MANILA, Philippines — The Philippine Health Insurance Corp. (PhilHealth) is set to increase again the benefit package for each session of hemodialysis, which will lessen the out-of-pocket payments of patients with stage 5 chronic kidney disease (CKD5).
But there’s a catch: Despite the increase in the benefit package, the PhilHealth board has also allowed private dialysis providers to charge patients out of pocket, if there are services needed beyond the “minimum standards of care.”
According to Health Secretary Teodoro Herbosa, chair of the PhilHealth board, PhilHealth increased the new rate to P6,350 from the previous P4,000 per dialysis session in both public and private dialysis units.
Herbosa said the decision to increase the cash rate by 58.75 percent was reached by the board on Wednesday, “following the guidance of President Marcos”
READ: PhilHealth eyes 100 percent hike in coverage for dialysis patients
Last week, Herbosa convened the PhilHealth benefits committee, which heard feedback from hospitals, dialysis centers, and the Philippine Society of Nephrology about the “persistent challenges of dialysis.”

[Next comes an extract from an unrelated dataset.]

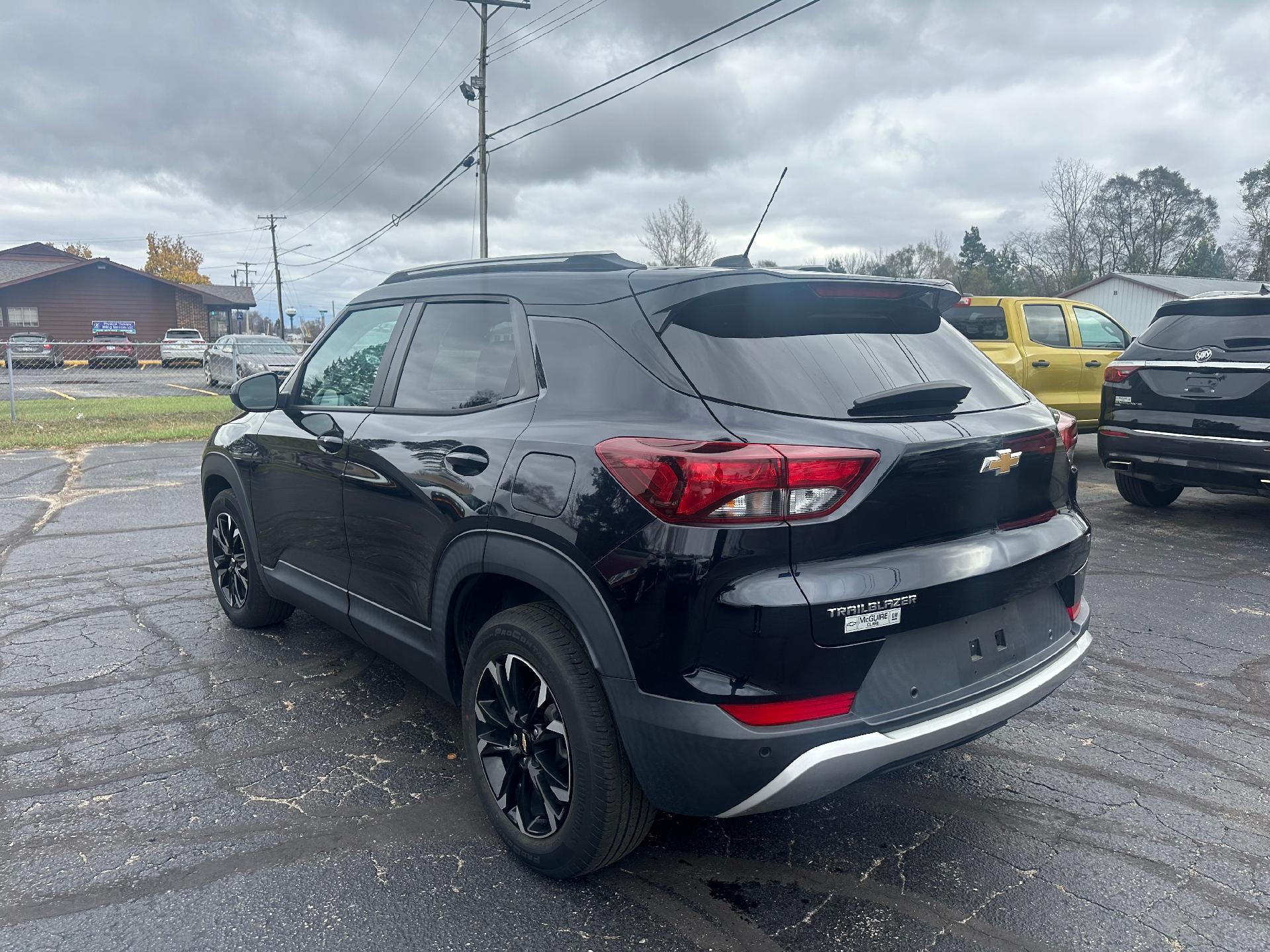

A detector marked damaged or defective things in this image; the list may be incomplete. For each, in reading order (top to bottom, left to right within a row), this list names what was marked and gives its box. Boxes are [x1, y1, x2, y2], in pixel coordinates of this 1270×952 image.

cracked asphalt pavement [0, 442, 1265, 952]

Herbosa said “we have also reminded [the PhilHealth] management to work fast on urgent care and emergency benefits to complete the picture,” referring to the needed circular and operationalization so that the higher rate can be claimed.
This will be the second time this year that the health insurance agency increased its case rate for hemodialysis since June.
PhilHealth earlier increased the case rate from P2,600 to P4,000 for each hemodialysis session for CKD5 patients.
It also increased the maximum number of hemodialysis sessions from 90 to 156, equivalent to P990,600 a year under the new rate.
But now, nephrologists in private dialysis units are allowed to bill an additional fee of up to P450 for services rendered and private dialysis centers can charge for medicine or procedures not considered under minimum standards.
This also means that only publicly accredited dialysis centers are prohibited from billing additional charges to their CKD5 patients under the “no balance billing” system.
Based on the current circular, included in the minimum standards for CKD5 patients are erythropoietin, intravenous iron sucrose, and heparin or enoxaparin.
There are also eight laboratory tests, which a CKD5 patient may take “any or all, as needed:” complete blood count; serum creatinine; hepatitis profile; alkaline phosphatase; potassium, phosphorus, calcium; serum iron/ferritin/transferrin; total iron binding capacity; and albumin.